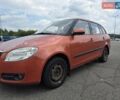 Оранжевый Шкода Фабия, объемом двигателя 1.39 л и пробегом 259 тыс. км за 2600 $, фото 1 на Automoto.ua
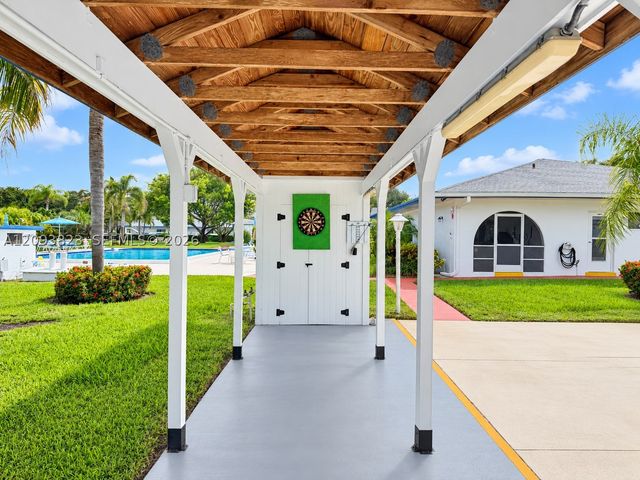 11 Garden St 101T, Tequesta, FL 33469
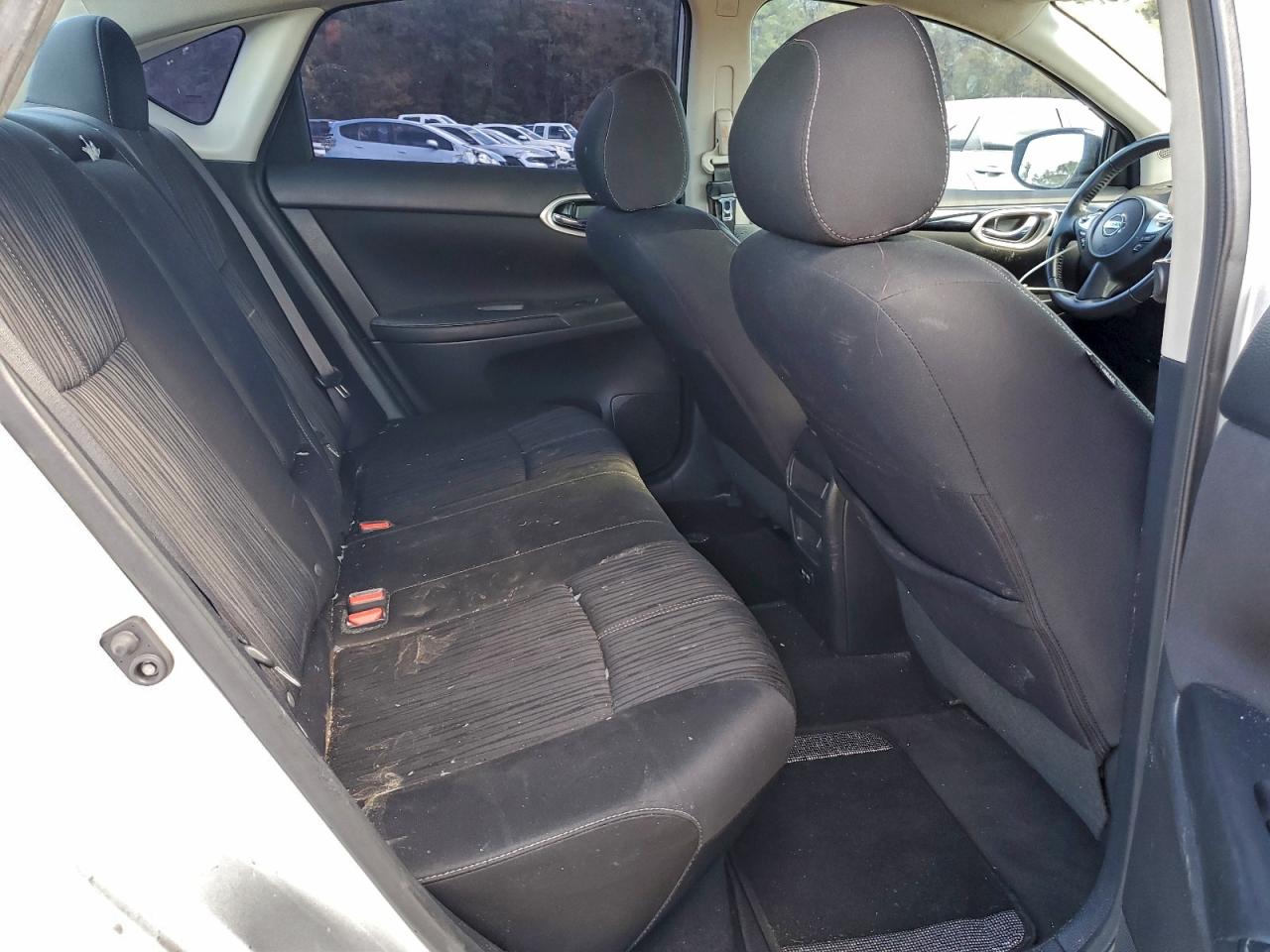 2018 NISSAN SENTRA S photo 10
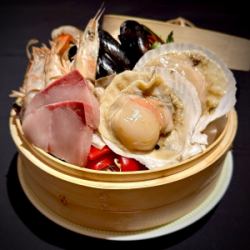 三浦野菜と海鮮の富士山溶岩蒸し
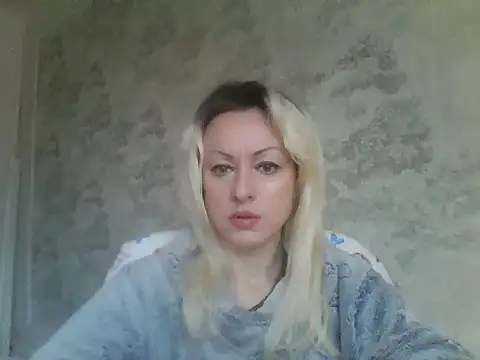 Veyrise online show from 10/26/25, 12:22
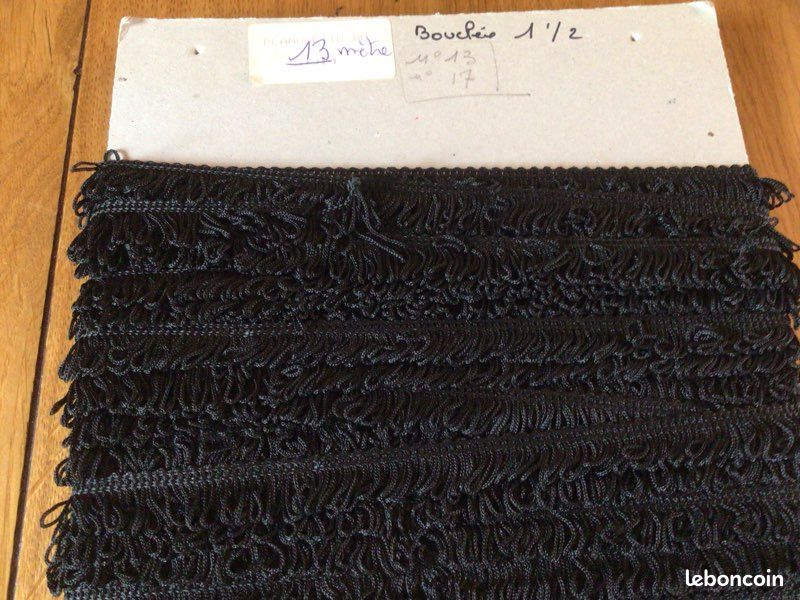 Galons de passementerie noir (image 1)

○ ○ ○

Work request: Locate the line containing "三浦野菜と海鮮の富士山溶岩蒸し" in the material above, then repeat it and every later line exactly, with no pictures.

Written reply:
 三浦野菜と海鮮の富士山溶岩蒸し
 Veyrise online show from 10/26/25, 12:22
 Galons de passementerie noir (image 1)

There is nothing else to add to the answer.